Plasma tissue factor activity in lung cancer patients predicts venous thromboembolism and poor overall survival

Res Pract Thromb Haemost. 2024 Mar 1;8(2):102359. doi: 10.1016/j.rpth.2024.102359. eCollection 2024 Feb.

Abstract

Background: Biomarkers to identify lung cancer (LC) patients with high risk of venous thromboembolism (VTE) are needed.

Objectives: To evaluate the usefulness of plasma tissue factor activity (TFA) and D-dimer levels for the prediction of VTE and overall survival in patients with LC.

Methods: In a prospective multicenter observational cohort of consecutive LC patients, TFA and D-dimer levels were measured at diagnosis before any cancer treatment (V1) and between 8 and 12 weeks after diagnosis (V2).

Results: Among 302 patients, 38 (12.6%) experienced VTE within the first year after diagnosis. V1-TFA and V1-D-dimer levels were significantly (P = .02) higher in patients who presented VTE within 3 months than in patients without VTE: V1-TFA was 2.02 (25th-75th percentiles, 0.20-4.01) vs 0.49 (0.20-3.09) ng/mL and V1-D-dimer was 1.42 (0.64-4.40) vs 0.69 (0.39-1.53) μg/mL, respectively. Cutoffs of 1.92 ng/mL for TFA and 1.26 μg/mL for D-dimer could discriminate both groups of patients. In multivariate analysis, V1-TFA > 1.92 ng/mL was the only significant predictor of VTE risk at 1 year (hazard ratio, 2.10; 95% CI, 1.06-4.16; P = .03).
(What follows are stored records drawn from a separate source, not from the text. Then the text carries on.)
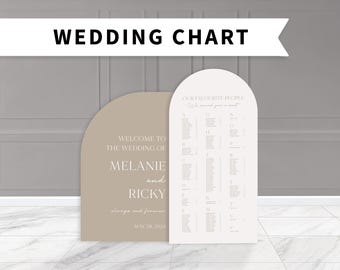 Custom Wedding Seating Chart Large Wedding Signage Arch Seating Chart Foamboard PHYSICAL PRODUCT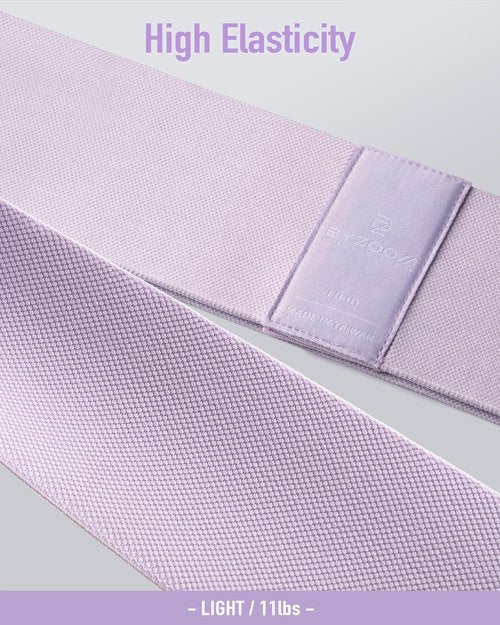 BYZOOM FITNESS Fabric Resistance Band Elastic Booty Band, Perfect for Fitness Working Out at Home Gym, Leg Training Workout for Woman–Resistance Level Light 11lb/5kg Purple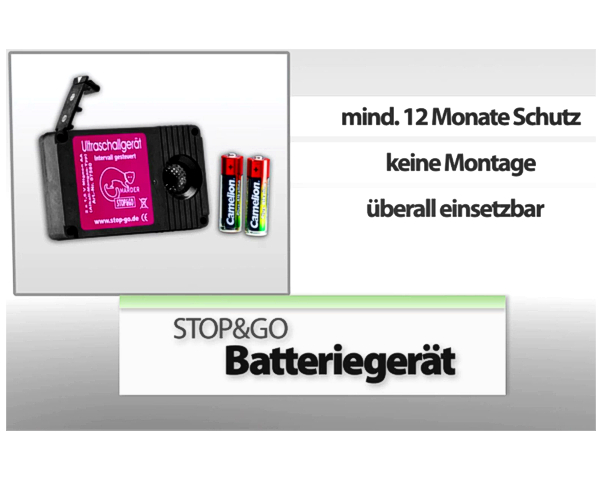 STOP & GO Marderschutz Marderschreck Ultraschallgerät mit Batterie 07580
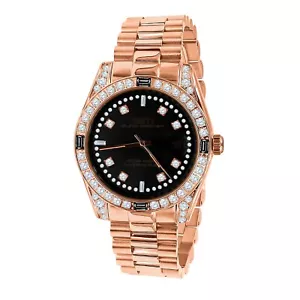 Rose Gold 2 Tone Black Dial Simulated Diamond Men's Stainless Steel Watch 40 mm - Picture 1 of 6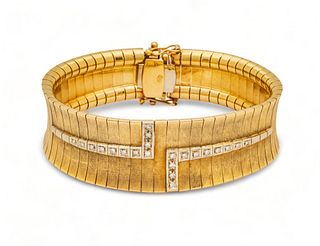 Italian 18k Yellow & White Gold, Diamond Bracelet, W 0.75" L 7" 58g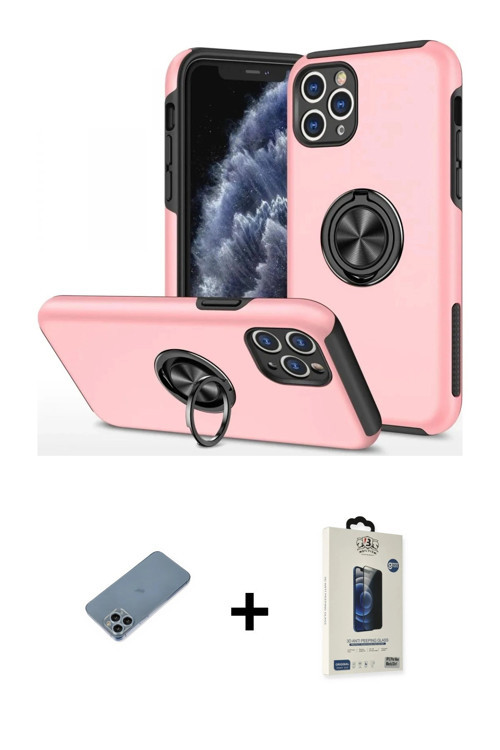 ieg™ iPhone 11 Pro Max Kılıf Odak Form Prime - Siyah Bilvis Hayalet Cam Ekran Koruyucu + Sierra Blue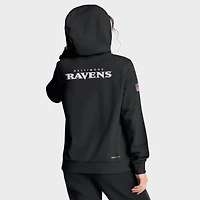Women's Nike Black Baltimore Ravens 2025 Sideline Standard Issue Initial Home Dri-FIT Hoodie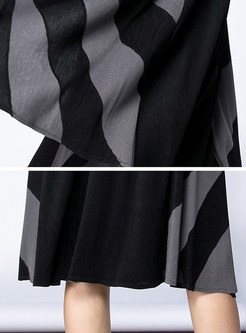 Stylish Hit Color Pleat Cardigan Long Sleeve Coat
V2-TFA, quantified in 251 patients, decreased significantly compared with V1-TFA (0.20 vs 0.56 ng/mL, P < .05), but a V2-TFA level > 0.77 ng/mL could predict VTE in the following 3 months. Median overall survival was worse for patients with V1-TFA > 1.92 ng/mL (14.6 vs 23.8 months) and V1-D-dimer > 1.26 μg/mL (13.8 vs 24 months, P < .001).

Conclusion: High plasma TFA levels are associated with the occurrence of VTE within the next 3 months after each visit (V1 or V2) and poor survival.

Keywords: D-dimer; lung neoplasms; survival; thromboplastin; venous thromboembolism.